# Boring husband



## jenniferswe (Apr 23, 2012)

My husband has become really boring. When he isn't working, all he wants to do is sit around and watch t.v.

We used to go do fun things. No he just sit there like a lump.


----------



## I'mInLoveWithMyHubby (Nov 7, 2011)

What type of things would you like to do?

Does he have a hard physical job that exhausts him when he gets home? Does he exercise?

What about the weekends? Do you go out then? 
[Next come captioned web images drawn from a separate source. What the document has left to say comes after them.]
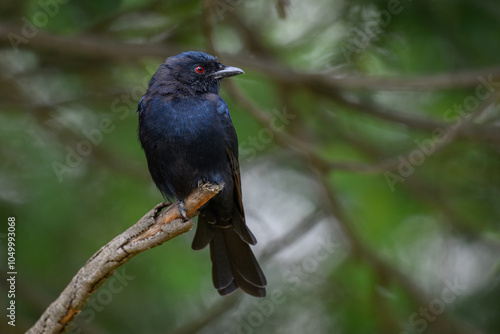 A fork-tailed drongo perched on a branch, Rietvlei Nature reserve, South Africa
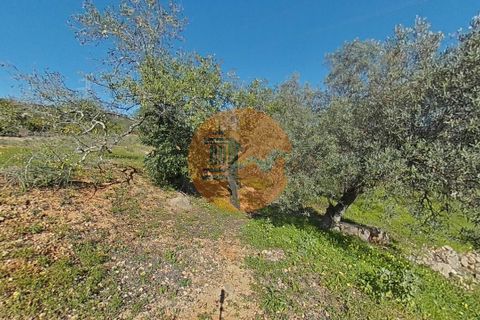 Helårsgrund i Estoi, Faro, Estoi - € 71.000 | Ref: SU-CS-TR-93402 - foto 21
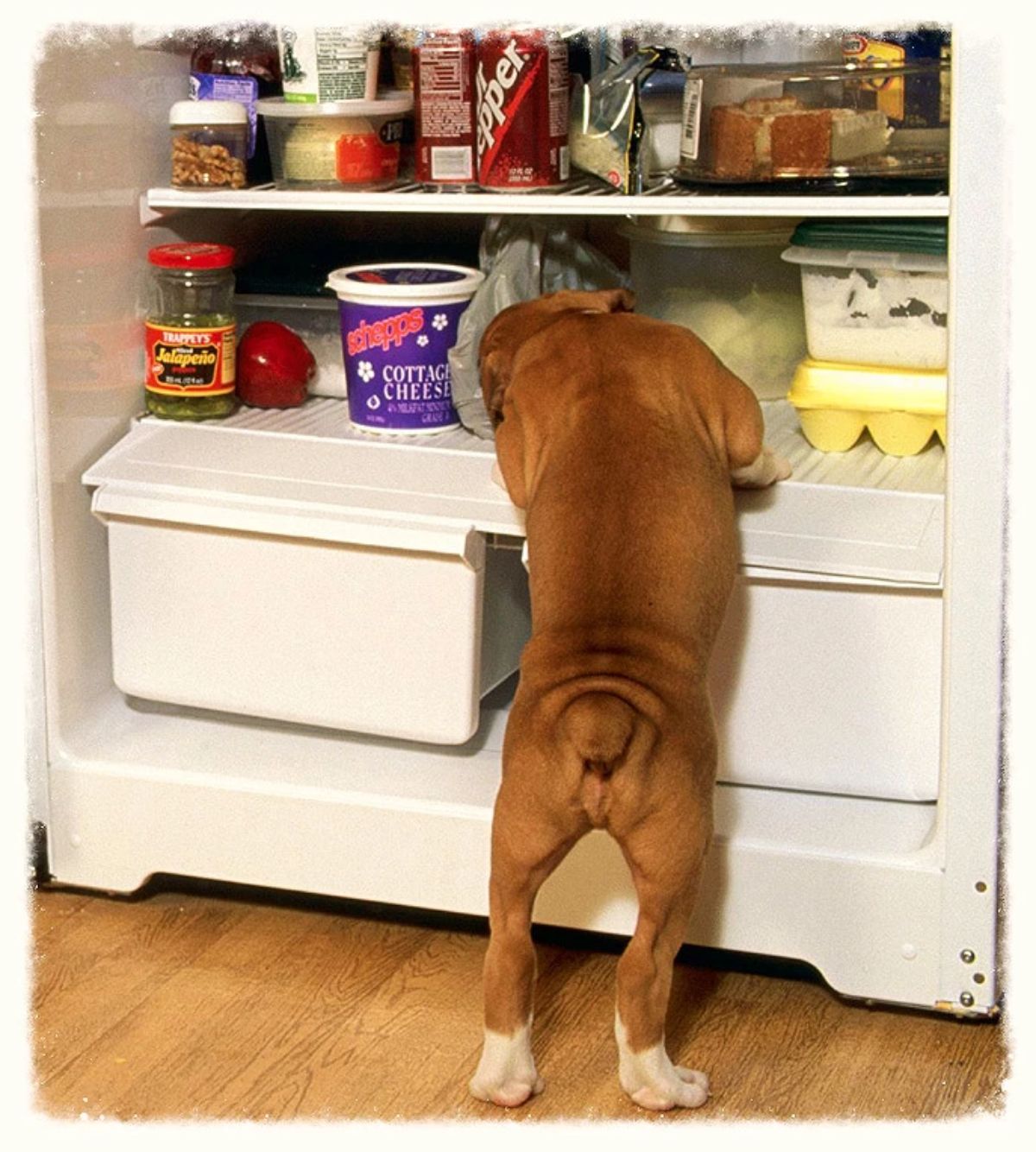 small brown dog standing on hind legs and looking into a fridge and its products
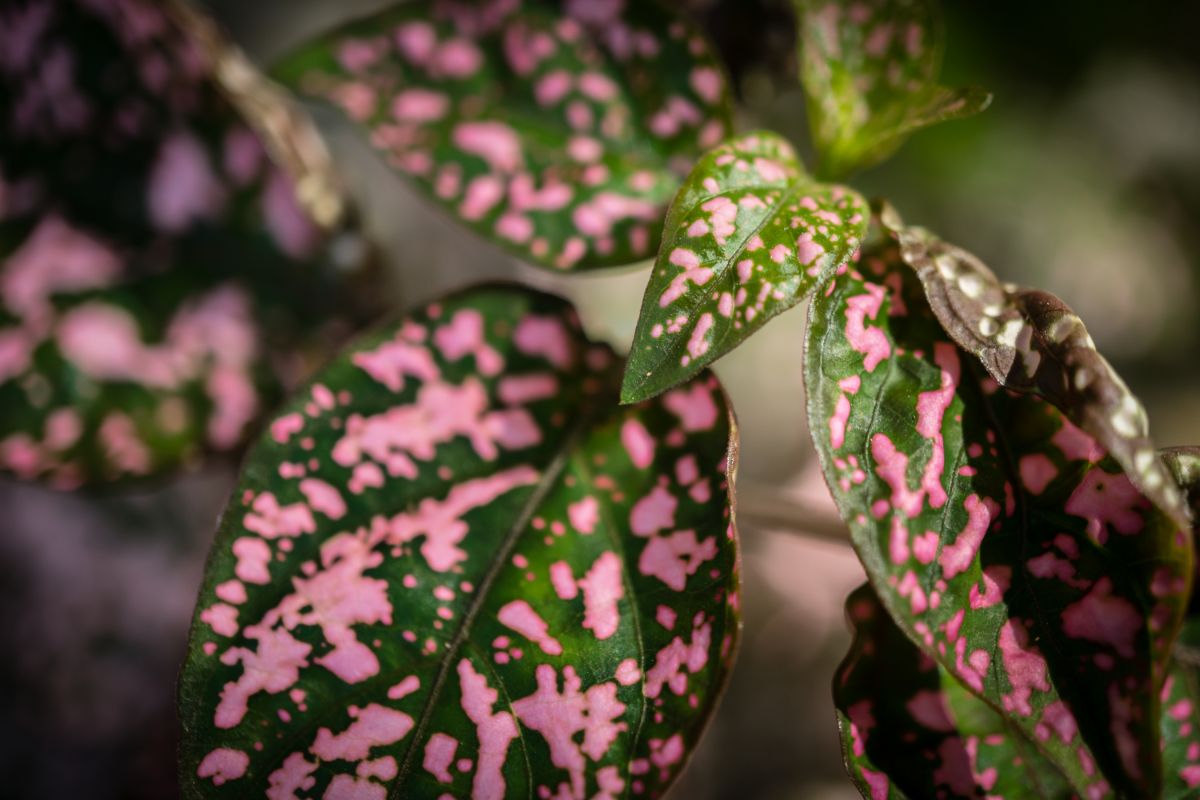 A near view of the pink dots on a polka dot plant leaf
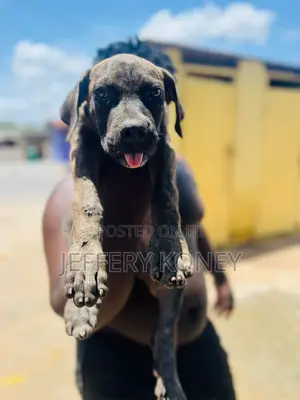 1-3 months Male Purebred Boerboel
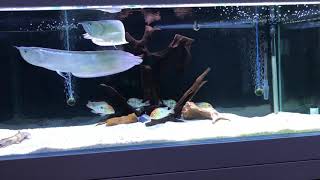 Arowana tank update with Geophagus [upl. by Hellene]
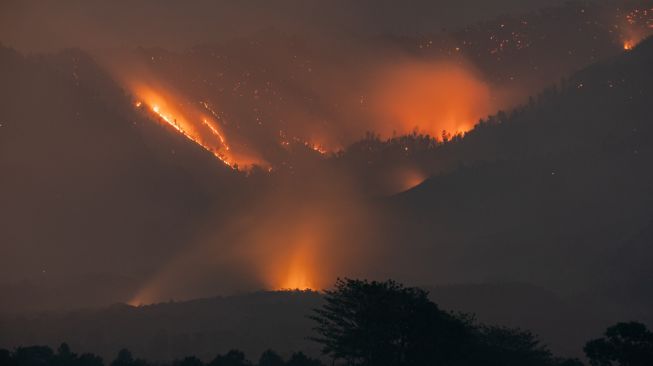 Api membakar vegetasi di kawasan Gunung Arjuno, Lawang, Kabupaten Malang, Jawa Timur, Selasa (20/10/2026). [ANTARA FOTO/Irfan Sumanjaya/YU]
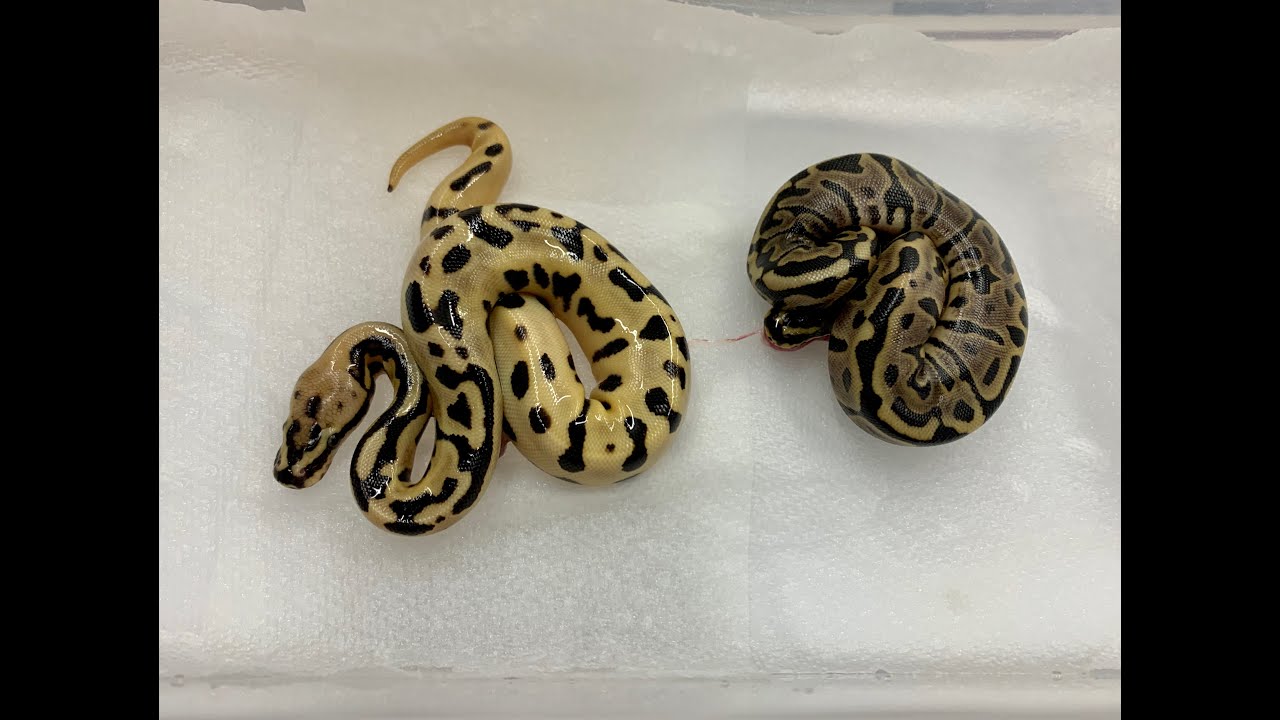 2020 Clutch #1 Spotnose Enchi Fire x Leopard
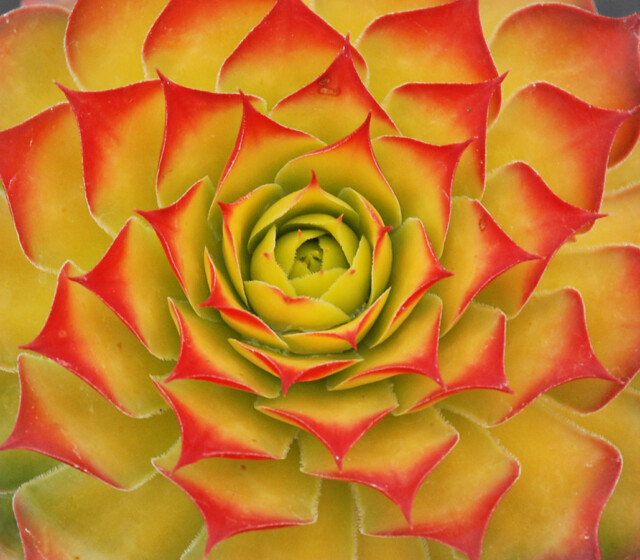 Chick Charms® Gold Nugget pp #28,284 Chick Charms® Gold Nugget pp #28,284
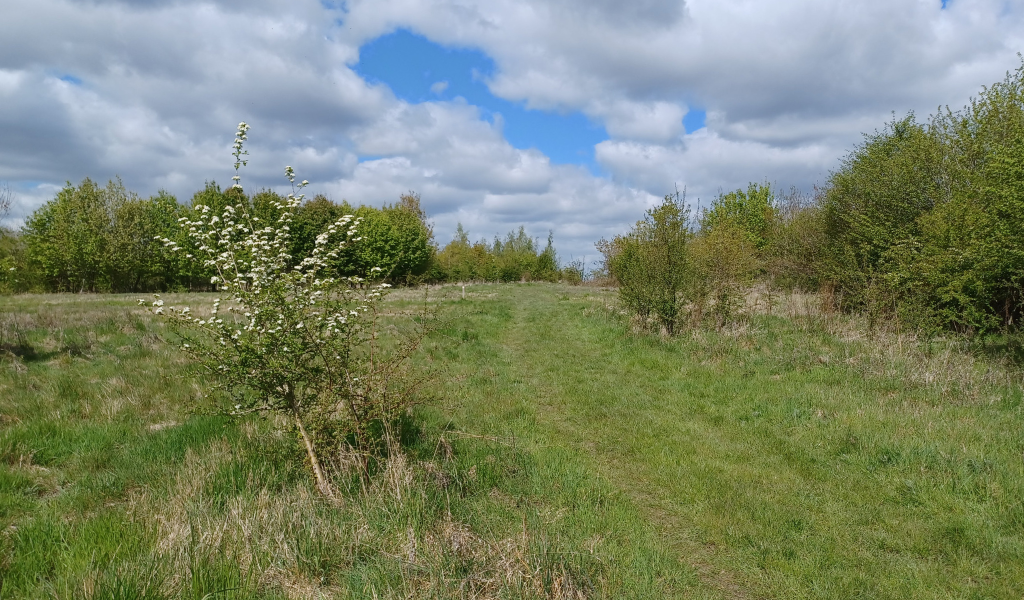 A view of the open area of Coxmere Wood on a sunny spring day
Exercise gives you a lot of energy. When I ran 36 miles a week, I was everywhere full of energy. I use to go for long walks with my husband while the kids rode their bikes. We use to go rock climbing, to the zoo, ect... I'm not a going out to bar/dance type of woman. I never have been. I'm one to be outside, especially in the woods or near a creek looking for cool rocks. My husband does the same thing. I'm not any fun anymore though, I'm now stuck at home resting.


----------



## whattodo2012 (May 29, 2012)

Is he maybe suffering from depression? Have you tried talking to him and figuring out what you could do together? Is he willing to do things if you plan them? Maybe even just getting out for a walk?


----------



## lamaga (May 8, 2012)

LOL. All husbands are boring. (Kidding! Don't flame me! But, yeah...kinda)

Suggest activities -- if he doesn't go, go without him. Become an interesting person. Make him want to keep up with you.


----------



## Hope1964 (Sep 26, 2011)

My hubby tends to be like that. I just let him sit there and do my own thing. Sooner or later he gets up off his butt and joins me


----------



## chattycathy (Aug 19, 2011)

What would be better for you?
Tell him you find him boring doing that and want to ________ and ________ and _________ instead (fill in the blanks with suggestions for him that you think he ought to be doing instead).


----------



## I'mInLoveWithMyHubby (Nov 7, 2011)

lamaga said:


> LOL. All husbands are boring. (Kidding! Don't flame me! But, yeah...kinda)
> 
> Suggest activities -- if he doesn't go, go without him. Become an interesting person. Make him want to keep up with you.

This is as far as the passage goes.